Check PowerDVD Audio Output Settings
  • Go to Settings → Video, Audio, Subtitles → Audio.
  • Ensure Output Mode is set to PCM / Speakers (Creative device) instead of HDMI or SPDIF.
  • If surround sound, make sure Speaker Environment matches your setup (5.1, 7.1, etc.).
Is this card a R7 or R9? Cause I installed R9 instead of the R7 you posted
 
Discussion starter · #33 ·
So far none of that has worked. All settings are as you say. May try uninstalling PowerDVD and reinstalling and see if that does any thing. Odd though that AIMP player doesn't seem to have a problem.
 
So far none of that has worked. All settings are as you say. May try uninstalling PowerDVD and reinstalling and see if that does any thing. Odd though that AIMP player doesn't seem to have a problem.
Try clearing the cache first:

Clear PowerDVD’s cache/settings
  • PowerDVD stores user settings in %LOCALAPPDATA%\CyberLink\PowerDVDXX.
  • You can rename that folder (with PowerDVD closed) to force it to rebuild fresh settings.
 
In addition to the above.

Right-click the taskbar speaker icon → Sound settings → More sound settings.

On the Playback tab, disable the Radeon HDMI/Display Audio outputs you’re not using.

Leave only the Creative card enabled (plus any headset you might use). PowerDVD can get confused when multiple “HD Audio” outputs are listed.

Change output mode in PowerDVD

In the same audio settings, try switching between PCM decoded by PowerDVD and Non-decoded Dolby/DTS to external device.

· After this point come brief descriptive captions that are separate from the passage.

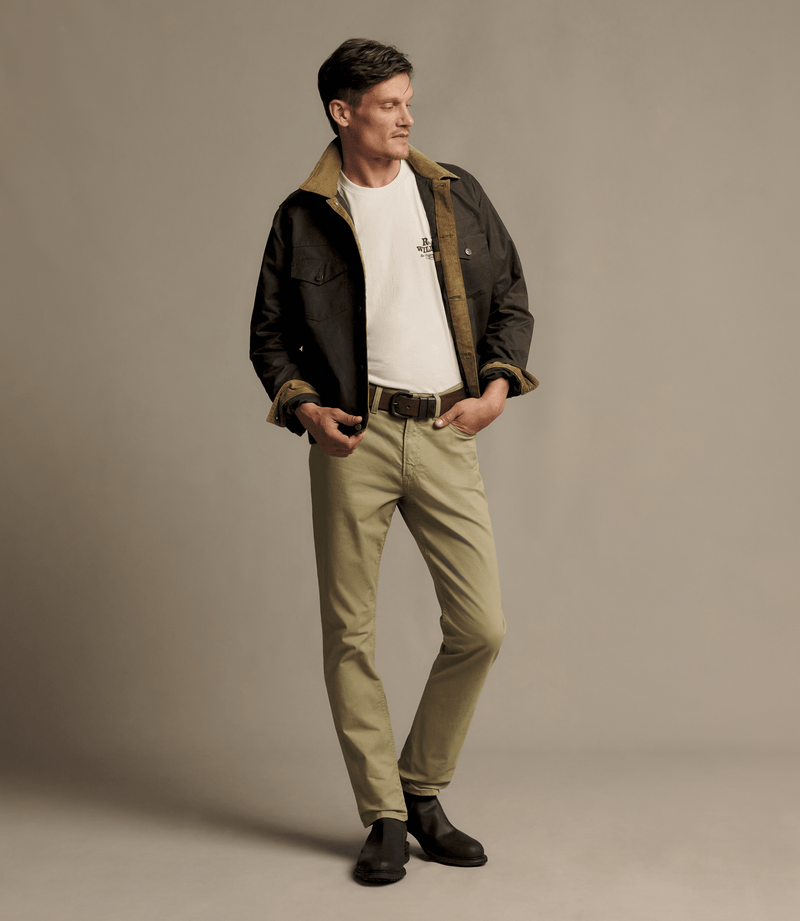 Load image into Gallery viewer, R.M. Williams Mens Loxton 5 Pocket Jean - Khaki
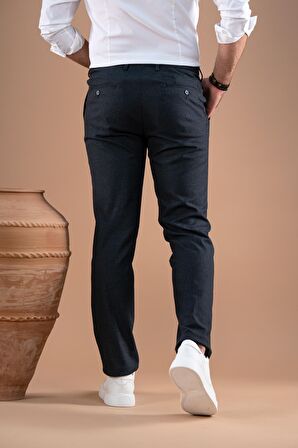 ECER BELİ LASTİKLİ İPLİKLİ REGULAR FİT KIŞLIK KUMAŞ PANTOLON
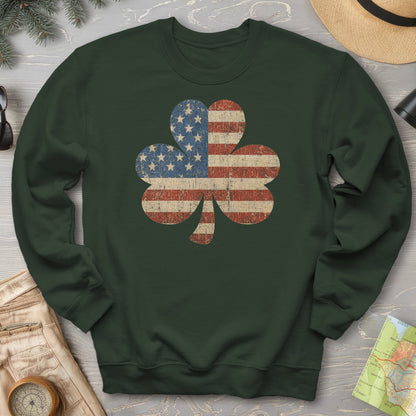 Vintage Flag Shamrock Sweatshirt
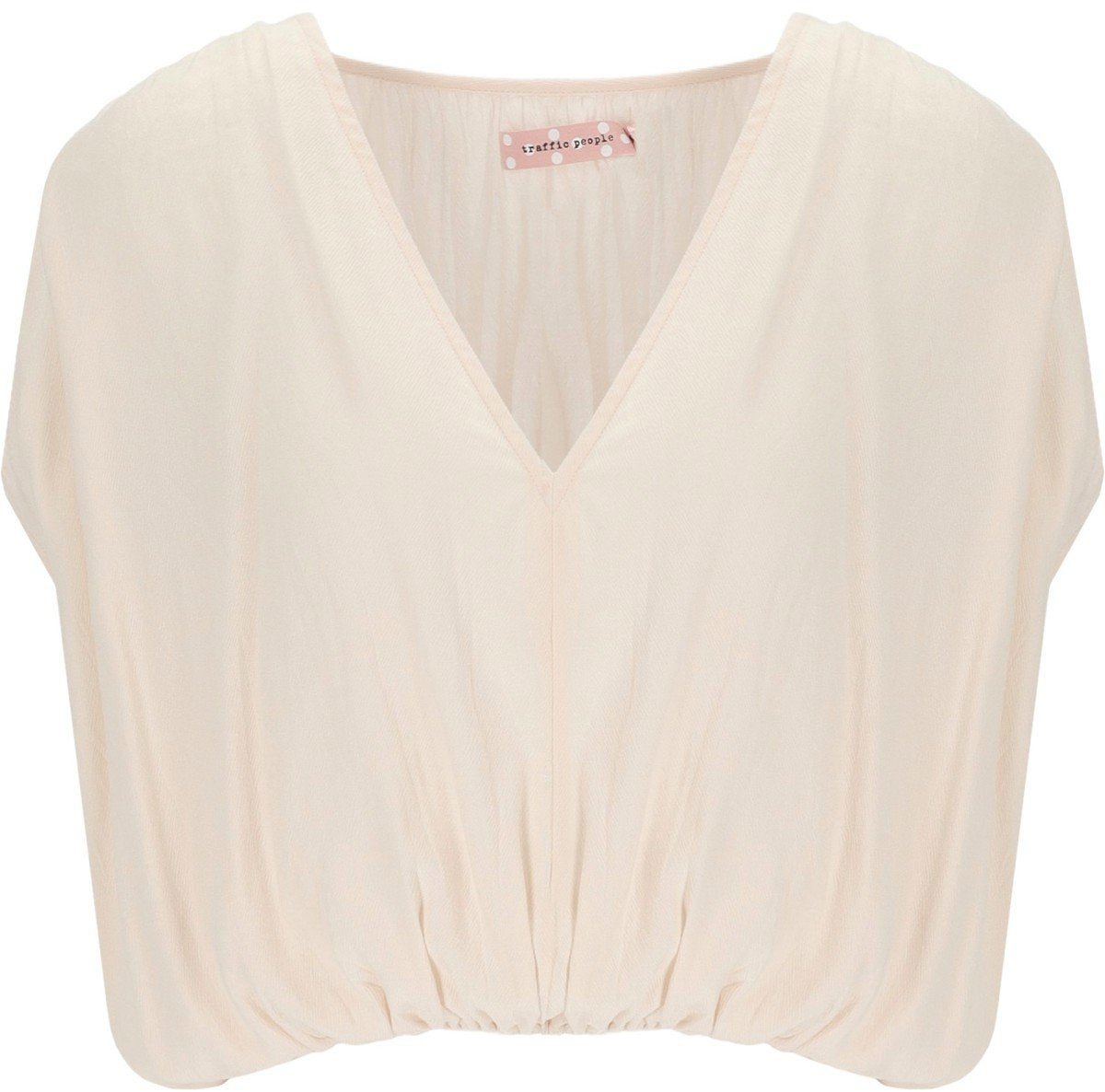 TRAFFIC PEOPLE WHISPERS CREAM TOP Beige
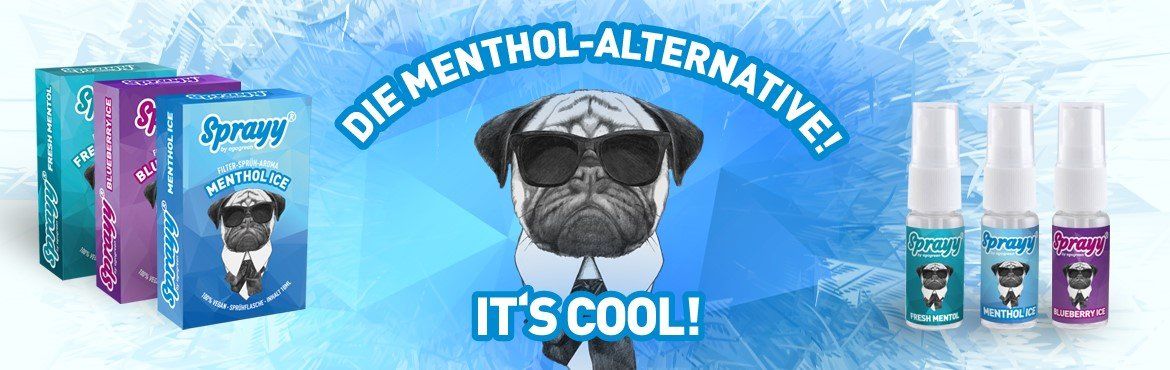 Menthol Spray für Zigaretten, Filter & Heets Menthol Spray für Zigaretten, Filter & Heets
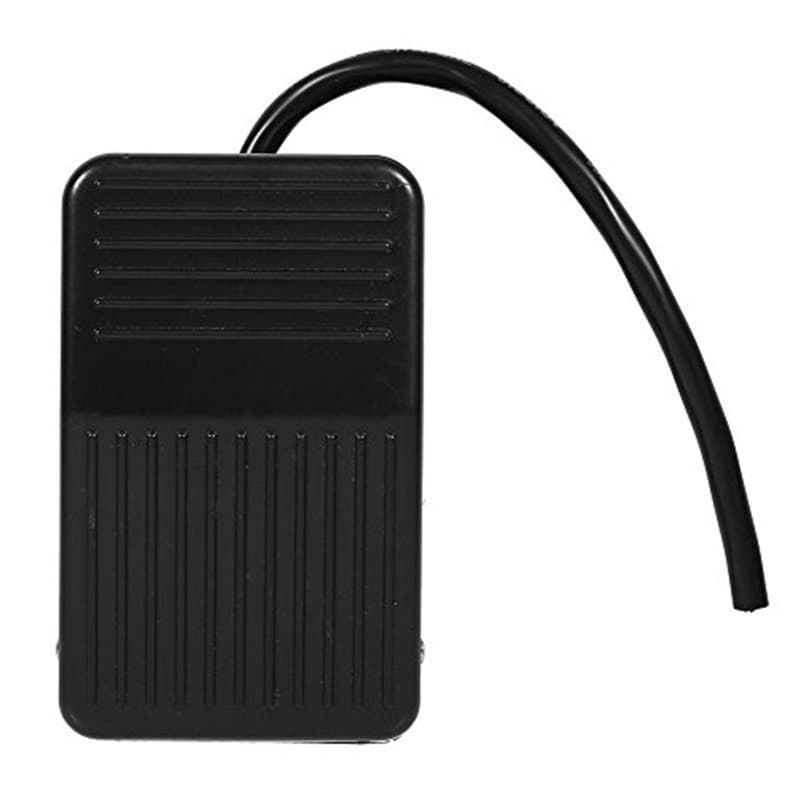 Commutateur de Pied, 220 V 10 A Interrupteur de Pédale électrique Contrôleur Pied Pédale Industriel avec 10 cm Câble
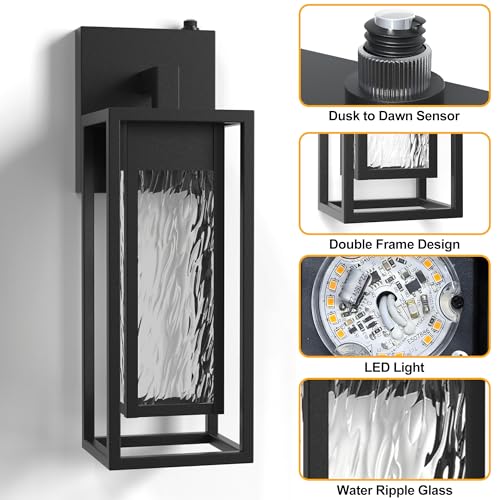 2 Pack LED Outdoor Wall Light (2 Count)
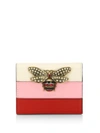 GUCCI Queen Margaret Colorblock Leather Card Case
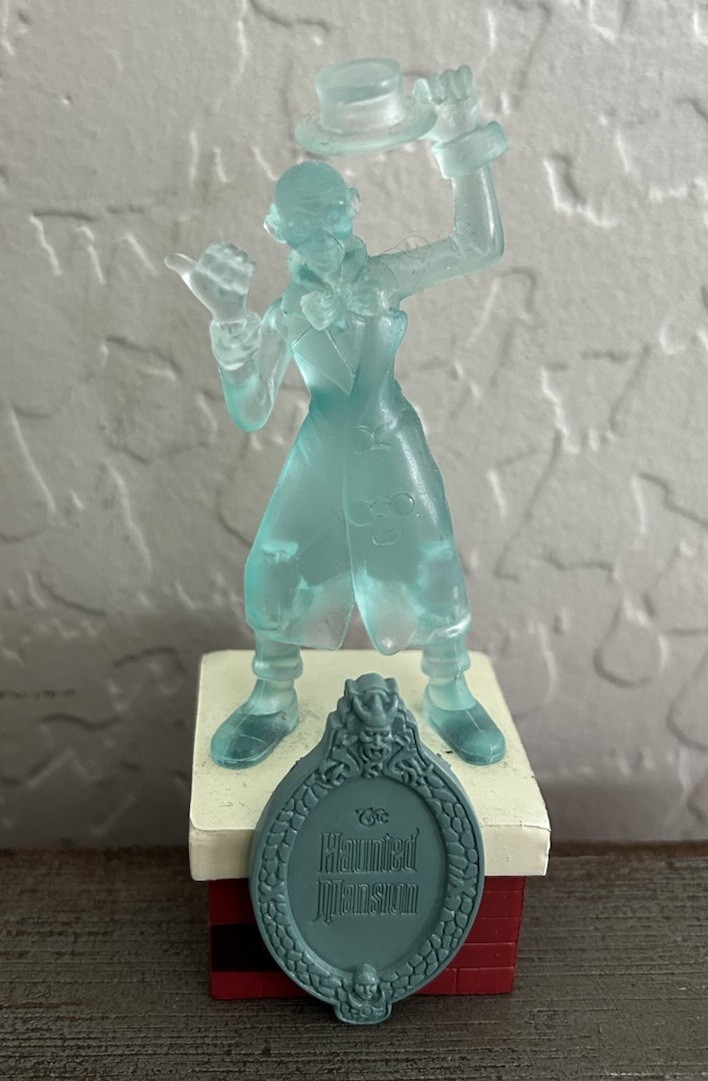 Disney Parks Rare Ezra Haunted Mansion Ride Hitchhiking Ghost 4” Plastic Figure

Sometimes garbled output means it’s passing a digital stream that your sound card doesn’t decode.
 
And when all else fails, so will the infamous Audio Troubleshooter, but you might as well try it any way.
 
Discussion starter · #37 ·
Try clearing the cache first:

Clear PowerDVD’s cache/settings
  • PowerDVD stores user settings in %LOCALAPPDATA%\CyberLink\PowerDVDXX.
  • You can rename that folder (with PowerDVD closed) to force it to rebuild fresh settings.
Want to thank you for all your help. Unfortunately when I uninstalled Powerdvd it wouldn't let me activate it. Stated it had to many activations. Guess they don't take into consideration that you may have to reinstall at some point. It looks like they are switching to a subscription based mode. Shame you pay for something and then can't use it. Again thank you. Computer seems to be running smooth . Will use another media player like VLC or AIMP to play music while I'm working on something.
 
Powerdvd it wouldn't let me activate it.
You need to contact CyberLink Support. They should re-activate your PowerDVD copy. You paid for it. Note that your activation may be linked to the exact version you paid for though, not a newer one.


Popular alternatives to CyberLink PowerDVD include the free, open-source VLC Media Player for general media playback, Leawo Blu-ray Player for playing Blu-rays, and 5KPlayer for video and music with features like screen recording.